• **REQUIRED ACTION**
Transcribe the records below in full; pictures stay out of the copy.

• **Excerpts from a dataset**
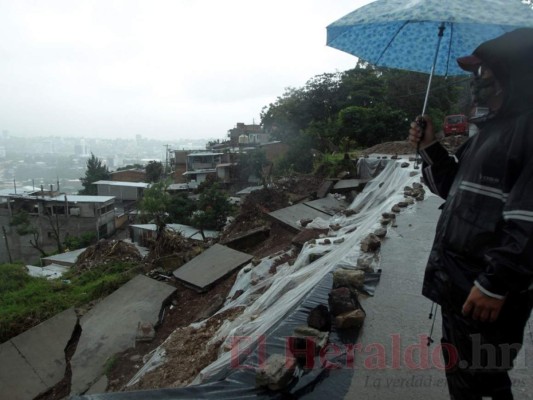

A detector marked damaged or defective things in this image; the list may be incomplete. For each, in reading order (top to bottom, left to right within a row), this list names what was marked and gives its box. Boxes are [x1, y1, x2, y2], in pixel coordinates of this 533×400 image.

broken concrete block [360, 233, 380, 252]
broken concrete block [330, 268, 364, 290]
broken concrete block [328, 286, 358, 318]
broken concrete block [306, 304, 330, 332]
broken concrete block [334, 308, 364, 330]
broken concrete block [135, 320, 156, 342]
broken concrete block [256, 354, 298, 390]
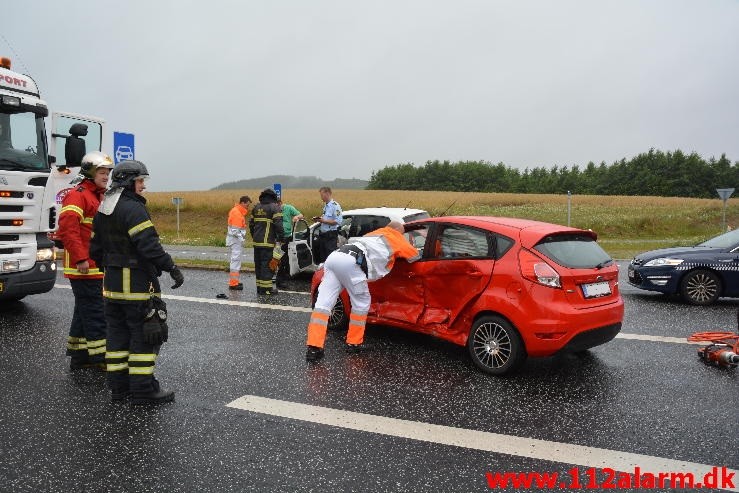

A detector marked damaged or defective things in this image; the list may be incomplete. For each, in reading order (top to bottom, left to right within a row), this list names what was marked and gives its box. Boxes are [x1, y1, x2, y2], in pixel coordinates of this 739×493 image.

• **SOLUTION BELOW**
A detector marked damaged or defective things in this image; the list may be incomplete. For each, in reading order (top to bottom, left to right within a row), this list names what was marked and gives its box. Boxes are [x1, y1, x2, y2], in pixel coordinates of this 533×400 image.

broken concrete block [360, 233, 380, 252]
broken concrete block [330, 268, 364, 290]
broken concrete block [328, 286, 358, 318]
broken concrete block [306, 304, 330, 332]
broken concrete block [334, 308, 364, 330]
broken concrete block [135, 320, 156, 342]
broken concrete block [256, 354, 298, 390]

A detector marked damaged or defective things in this image; the list may be incomplete. For each, in reading order (top to bottom, left to right within a row), this list names what was marked and gives its box. Boxes are [x1, y1, x2, y2], in pixel coordinates of this 739×493 image.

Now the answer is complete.